Northern Stage Raises Curtain on New $9 Million Theater Proposal
White River Junction — Another prominent parcel in downtown White River Junction has taken the spotlight.
The professional theater company Northern Stage has announced plans to construct a $9 million, 250-seat theater next to the company’s administrative offices on Gates Street, the former site of Miller Auto.
“It puts a smile on my heart to have us be this close to a dream that we have had for so long,” Janet Miller Haines, chairwoman of the Northern Stage board of directors, said Thursday. “And to have experienced the support — psychological, financial and artistic — that we have … has been so invigorating.”
If the nonprofit gains approval for the project from the Hartford Planning Commission and the Zoning Board of Adjustment, it hopes to start construction on the 17,500-square-foot building in September, with plans to open in the fall of 2015, just in time for Northern Stage’s 19th production season.
The project partners are scheduled to go before the Zoning Board of Adjustment on May 28, and the Planning Commission on June 2.
Thus far, Northern Stage’s fundraising campaign for the new theater has generated $4.8 million, or 53 percent, of the project’s total cost.

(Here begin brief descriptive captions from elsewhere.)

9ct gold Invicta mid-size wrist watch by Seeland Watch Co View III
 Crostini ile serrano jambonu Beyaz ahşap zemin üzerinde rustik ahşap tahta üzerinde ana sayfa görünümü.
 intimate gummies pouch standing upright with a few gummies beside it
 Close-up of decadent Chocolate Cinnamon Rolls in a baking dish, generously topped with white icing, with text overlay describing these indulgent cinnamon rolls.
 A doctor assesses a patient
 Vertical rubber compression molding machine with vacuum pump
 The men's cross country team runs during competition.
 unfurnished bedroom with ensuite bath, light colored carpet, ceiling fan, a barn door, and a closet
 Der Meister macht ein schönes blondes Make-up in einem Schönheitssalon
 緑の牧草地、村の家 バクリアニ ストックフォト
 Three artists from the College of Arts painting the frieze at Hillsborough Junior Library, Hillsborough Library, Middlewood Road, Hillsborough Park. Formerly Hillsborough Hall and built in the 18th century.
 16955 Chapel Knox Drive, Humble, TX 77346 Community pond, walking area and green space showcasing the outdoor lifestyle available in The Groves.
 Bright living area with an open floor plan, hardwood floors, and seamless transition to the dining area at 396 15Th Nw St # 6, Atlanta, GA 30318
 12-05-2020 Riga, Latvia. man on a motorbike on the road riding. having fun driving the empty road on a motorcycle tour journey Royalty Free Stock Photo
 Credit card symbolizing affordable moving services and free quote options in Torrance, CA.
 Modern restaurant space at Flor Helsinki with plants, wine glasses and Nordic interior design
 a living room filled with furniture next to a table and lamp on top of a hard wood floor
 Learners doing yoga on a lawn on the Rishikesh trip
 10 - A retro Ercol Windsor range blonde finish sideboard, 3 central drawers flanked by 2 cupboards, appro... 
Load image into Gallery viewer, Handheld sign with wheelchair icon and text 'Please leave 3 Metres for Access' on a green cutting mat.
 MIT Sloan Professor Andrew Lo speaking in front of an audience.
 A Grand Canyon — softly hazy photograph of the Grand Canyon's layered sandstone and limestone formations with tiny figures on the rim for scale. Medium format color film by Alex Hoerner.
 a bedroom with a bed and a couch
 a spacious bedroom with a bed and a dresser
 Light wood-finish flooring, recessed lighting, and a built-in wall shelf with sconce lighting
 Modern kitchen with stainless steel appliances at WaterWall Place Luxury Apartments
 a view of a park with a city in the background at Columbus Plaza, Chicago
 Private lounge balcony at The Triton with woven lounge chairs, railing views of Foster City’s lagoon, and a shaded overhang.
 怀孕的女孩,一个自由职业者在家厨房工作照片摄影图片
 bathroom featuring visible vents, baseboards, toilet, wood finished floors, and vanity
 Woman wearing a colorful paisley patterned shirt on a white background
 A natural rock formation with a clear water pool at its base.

Northern Stage officials hope to cover 100 percent of the cost with donated money.
“The momentum around this project has been powerful,” Carol Dunne, the company’s artistic director, said in a news release announcing the project. “Northern Stage will grow from a professional theater with regional impact to a regional theater with national impact.”
Others, too, expressed high hopes for the project, which is the third renovation or construction proposal to surface in White River Junction this spring.
Matt Bucy, a selectman from Hartford Village, recently handed in plans for a $2.5 million renovation to the American Legion building on South Main Street, and Hanover resident Bill Bittinger, one of four partners in Railroad Row LLC, announced plans to construct a $3.5 million, four-story building next to the Polka Dot diner on the corner of Bridge and Main streets.
“Downtown White River has really started to burst with excitement and growth, and I think it is just tremendous for the community — not just White River Junction, but the town of Hartford,” Selectboard Chairman Ken Parker said Thursday. “I see the Northern Stage project as being a catalyst for a renaissance in new development in downtown White River, which is probably the most important step of any.”
The project is expected to enhance Northern Stage’s production capabilities and create a “premier theater destination” for the arts, according to Northern Stage design plans filed with the town.
Since its inception in 1997, Northern Stage has staged productions in the 245-seat Briggs Opera House theater located in the Gates-Briggs Building in downtown White River Junction.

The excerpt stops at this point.